Giorgio Bertelli è nato a Brescia nel 1957.

Espone per la prima volta nel 1981 presso la galleria Studio 80 di Aldo Bresciani.
Tra i suoi cicli di disegni, documentati in volume, ricordiamo il mio Qohèlet (1986), Golgota (1988), Piccolo Requiem (1992), Notti senza fine (1992), Tenebrae Responsories (1994), Ma l’amor mio non muor (1994), Piccola suite per Malcolm Lowry (1996), Dolcissimo nero: per Malcolm e Philip (1996), Il mio nuovo Ecclesiaste (1998), Giobbe (1998), Dalla serie paesaggi con figure assenti (2002), Scuro, come i miei occhi (2003), 12 p.m. (2005), L’Oriente risplende di rosso (2009), Florilegio (con Giosetta Fioroni) (2010); in Mobilia (1996) è riassunta la sua produzione di mobili dipinti, in Terre calde (1999) quella di ceramiche e terracotte.

Con Gianni De Martino ha pubblicato L’ultima lettera di Vlad il vampiro (1993), con Francesco Scarabicchi Via Crucis (1994), Diario di Càlena (1995), Brume (1999), con Vincenzo Consolo Isole dolci del Dio (2002), con Attilio Lolini Decorazioni della notte (2004), Variazioni sull’Ecclesiaste (2017), con Kenneth White Nella terra del diamante (2005).

Ha scritto e illustrato una favola per bambini, Nino in soffitta (Medusa, 2001).
Un’ampia documentazione sul suo lavoro è in Giorgio Bertelli: Via Crucis e altri disegni (a cura di Maurizio Cecchetti, Electa, 2000).

Suoi lavori sono apparsi su quotidiani e riviste, tra cui “Europeo”, “Oggi”, “Avvenire”, “Panta”, “Linea d’ombra”, “La terra vista dalla luna”, “Barbablù”, “Nostro lunedì”, “Rifrazioni”, “Alias”.
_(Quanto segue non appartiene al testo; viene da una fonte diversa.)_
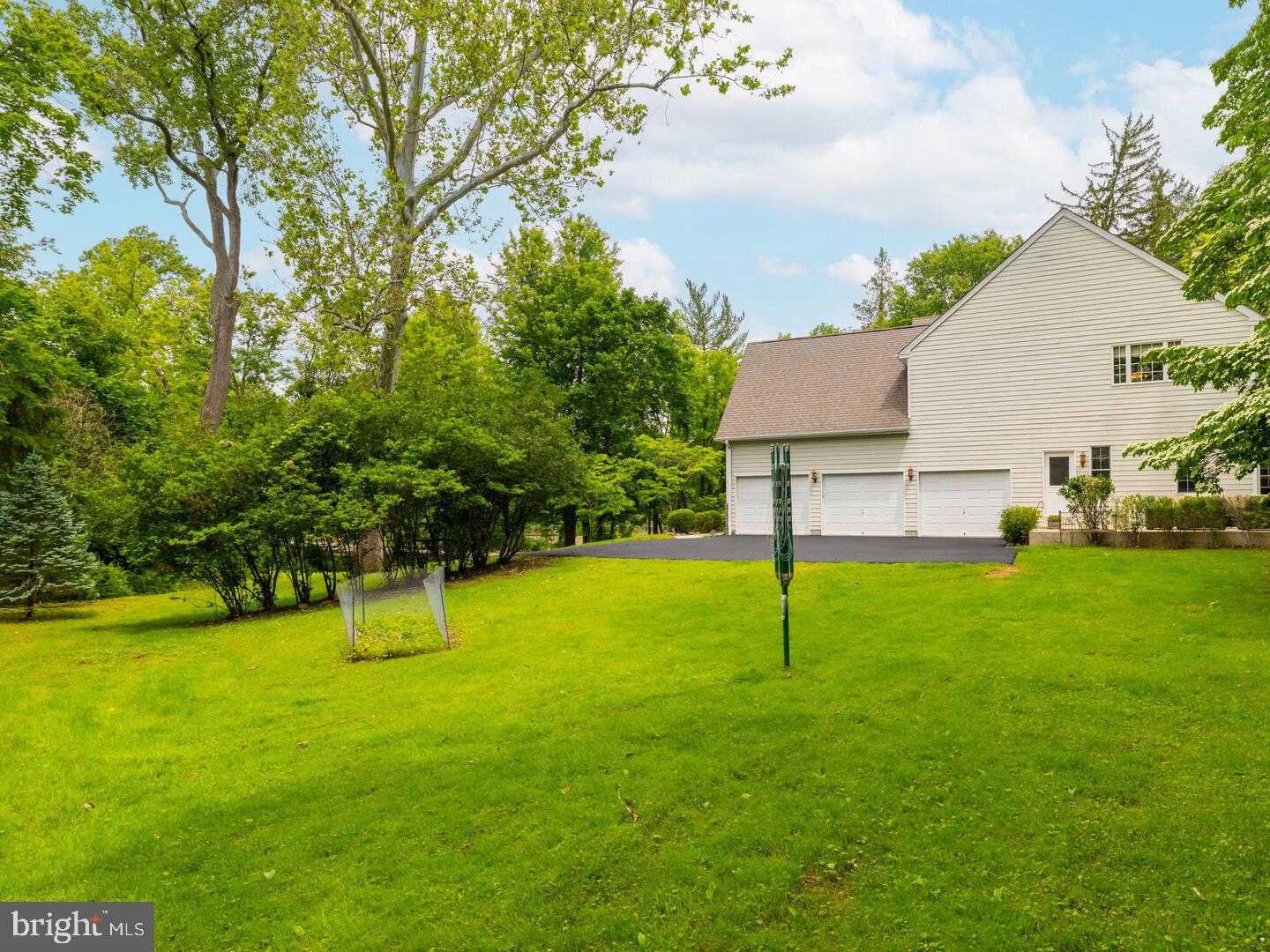 MEADOWBROOK - Residential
Affianca all’attività di pittore quella di editore, avendo dato vita nel 1985 alle Edizioni l’Obliquo, i cui libri sono stati presentati in importanti sedi espositive internazionali (MoMA, New York; Biennale, Venezia; Documenta, Kassel).

 

Per l’occasione è stato realizzato un catalogo in 200 copie numerate, con testi di Piero Cavellini, Sandro Lombardi e Fabio Sargentini.
I primi 20 esemplari contengono una stampa fine art firmata e numerata.